*** Block opens ***

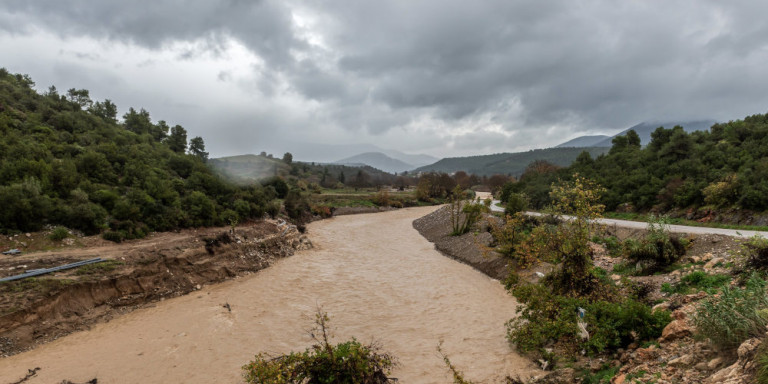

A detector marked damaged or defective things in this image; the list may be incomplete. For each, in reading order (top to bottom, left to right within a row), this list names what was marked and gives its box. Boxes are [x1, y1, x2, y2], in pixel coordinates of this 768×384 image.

damaged embankment [0, 220, 312, 356]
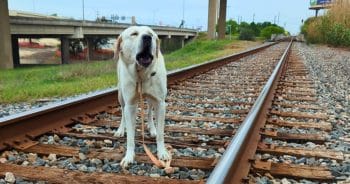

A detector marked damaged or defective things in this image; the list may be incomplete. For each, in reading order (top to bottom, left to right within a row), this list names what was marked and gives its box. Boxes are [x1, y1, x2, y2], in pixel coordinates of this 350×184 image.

rusty rail [0, 42, 274, 152]
rusty rail [206, 39, 294, 183]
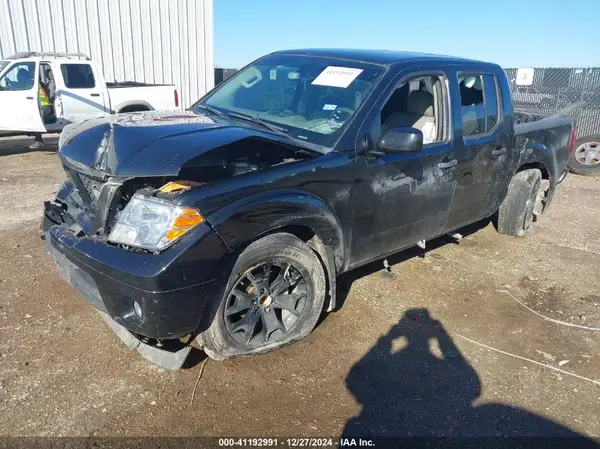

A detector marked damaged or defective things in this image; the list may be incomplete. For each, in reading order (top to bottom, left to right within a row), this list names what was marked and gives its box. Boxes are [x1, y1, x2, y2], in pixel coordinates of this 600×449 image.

crumpled hood [59, 110, 270, 177]
broken headlight housing [106, 194, 203, 252]
damaged front bumper [41, 206, 230, 368]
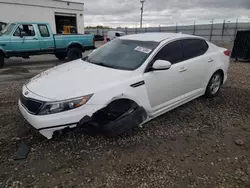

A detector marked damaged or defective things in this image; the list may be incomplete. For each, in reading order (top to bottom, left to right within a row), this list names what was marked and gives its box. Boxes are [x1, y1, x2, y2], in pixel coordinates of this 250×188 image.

damaged front bumper [18, 100, 103, 140]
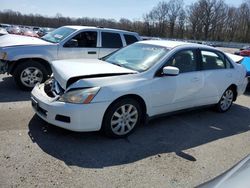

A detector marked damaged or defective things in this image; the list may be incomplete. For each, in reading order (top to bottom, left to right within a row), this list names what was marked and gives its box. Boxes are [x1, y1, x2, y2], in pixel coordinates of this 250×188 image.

crumpled hood [52, 58, 138, 89]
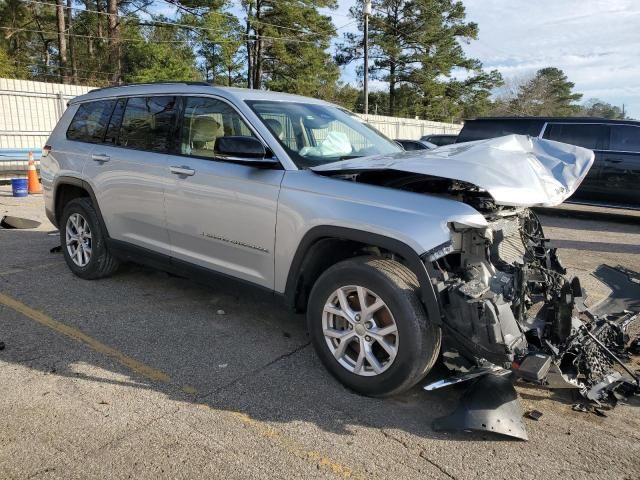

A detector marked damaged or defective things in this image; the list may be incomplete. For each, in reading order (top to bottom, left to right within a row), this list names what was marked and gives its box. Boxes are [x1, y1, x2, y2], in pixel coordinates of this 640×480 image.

damaged hood [312, 134, 596, 207]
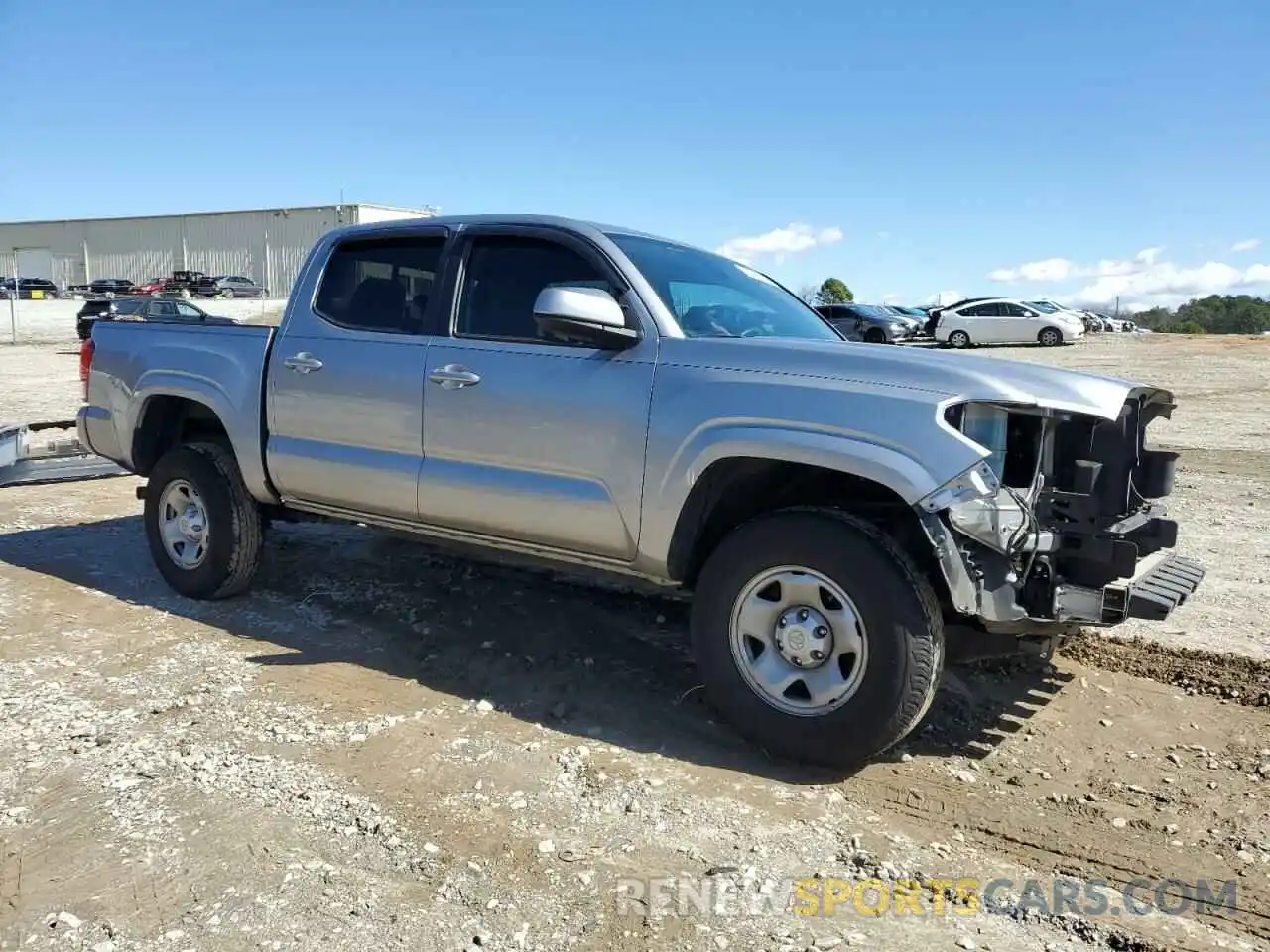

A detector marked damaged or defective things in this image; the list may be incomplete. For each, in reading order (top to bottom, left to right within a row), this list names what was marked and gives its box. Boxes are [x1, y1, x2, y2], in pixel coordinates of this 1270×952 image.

damaged front end of truck [914, 386, 1199, 642]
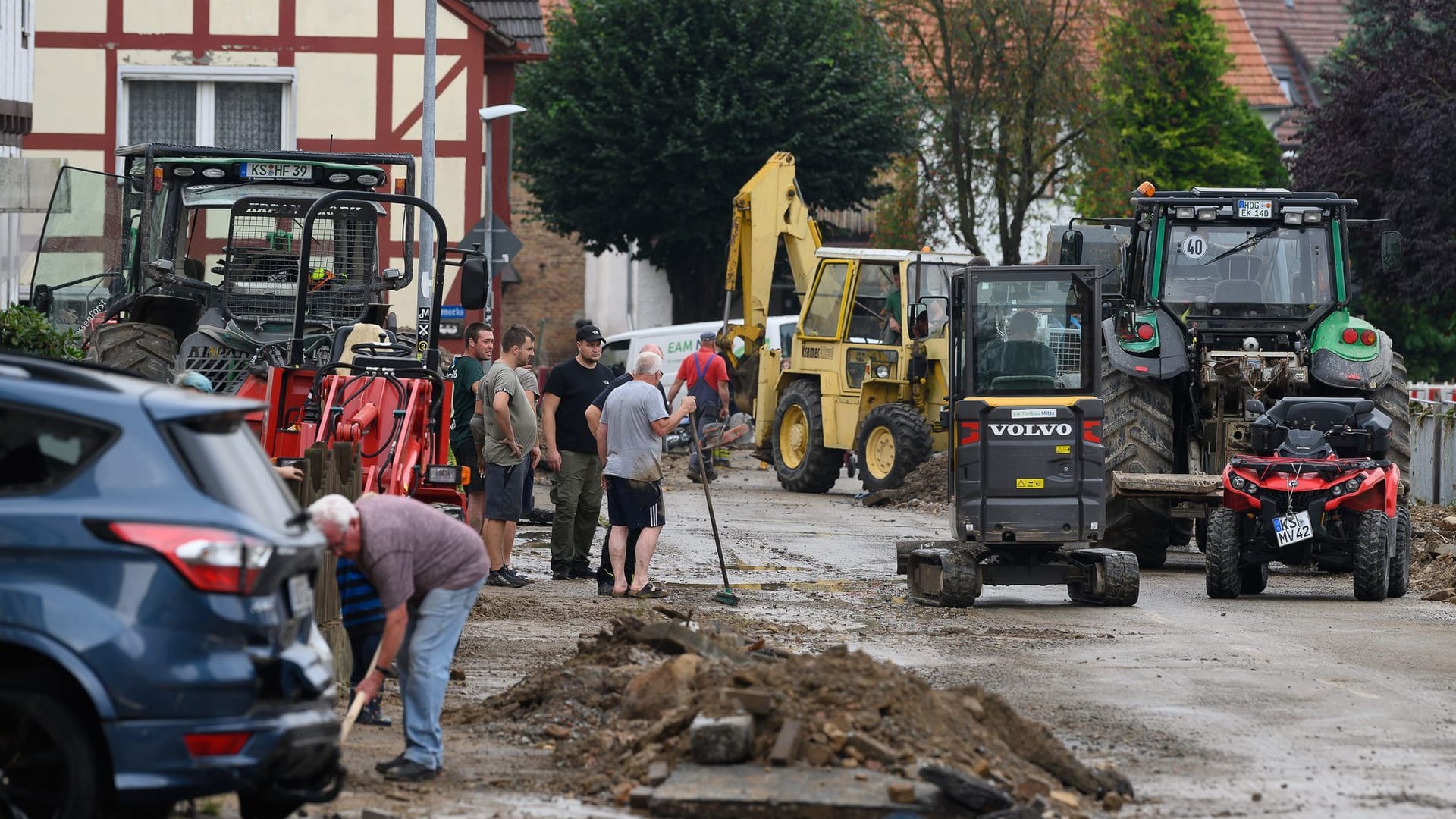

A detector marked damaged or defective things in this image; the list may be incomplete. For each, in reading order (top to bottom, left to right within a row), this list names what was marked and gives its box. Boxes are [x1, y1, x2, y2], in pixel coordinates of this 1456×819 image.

broken concrete slab [687, 711, 751, 763]
broken concrete slab [652, 763, 966, 810]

*** Block closes ***

## HOW TO COMPLETE THIS TASK
Would you copy out the material above exactly, without the pictures in it?

## YOUR RESPONSE
A detector marked damaged or defective things in this image; the list may be incomplete. For each, in reading order (top to bottom, left to right within a row), this list names what was marked and gives its box. Boxes are [x1, y1, x2, y2], in pixel coordinates of this 768×384 image.

damaged embankment [0, 220, 312, 356]

A detector marked damaged or defective things in this image; the list may be incomplete. For each, in reading order (top to bottom, left to right within a row), this list names what was marked and gives its box. Boxes are [x1, y1, x2, y2], in pixel coordinates of this 350×184 image.

rusty rail [0, 42, 274, 152]
rusty rail [206, 39, 294, 183]

A detector marked damaged or defective things in this image; the list may be incomplete. For each, in reading order (top to bottom, left to right within a row), this list names what was marked and gives its box. Boxes are [x1, y1, x2, y2], in pixel coordinates of this 600×449 image.

crumpled hood [59, 110, 270, 177]
broken headlight housing [106, 194, 203, 252]
damaged front bumper [41, 206, 230, 368]

A detector marked damaged or defective things in this image; the list may be incomplete. For each, in reading order (top to bottom, left to right within a row), this list names what was marked and gives its box. Boxes are [x1, y1, x2, y2], in pixel coordinates of this 250×188 image.

damaged front bumper [18, 100, 103, 140]

A detector marked damaged or defective things in this image; the list may be incomplete. For each, in reading order (top to bottom, left to right within a row), this list names what was marked and gives its box. Boxes are [x1, y1, x2, y2], in pixel coordinates of this 250×188 image.

crumpled hood [52, 58, 138, 89]

A detector marked damaged or defective things in this image; the list may be incomplete. For each, in reading order (top to bottom, left to right within a row), this list names what was marked and gives its box. Boxes are [x1, y1, x2, y2], in pixel coordinates of this 640×480 image.

damaged hood [312, 134, 596, 207]

A detector marked damaged or defective things in this image; the list may be incomplete. For each, in reading order (top to bottom, left to right within a row), this list names what was marked and gives its box. Boxes are [x1, y1, x2, y2], in pixel coordinates of this 1270×952 image.

damaged front end of truck [914, 386, 1199, 642]

A detector marked damaged or defective things in this image; the list may be incomplete. For each, in reading order (top to bottom, left to right within a row), this list names what was marked and gives its box. Boxes are [x1, y1, x2, y2], in pixel coordinates of this 1456×819 image.

broken concrete slab [687, 711, 751, 763]
broken concrete slab [652, 763, 966, 810]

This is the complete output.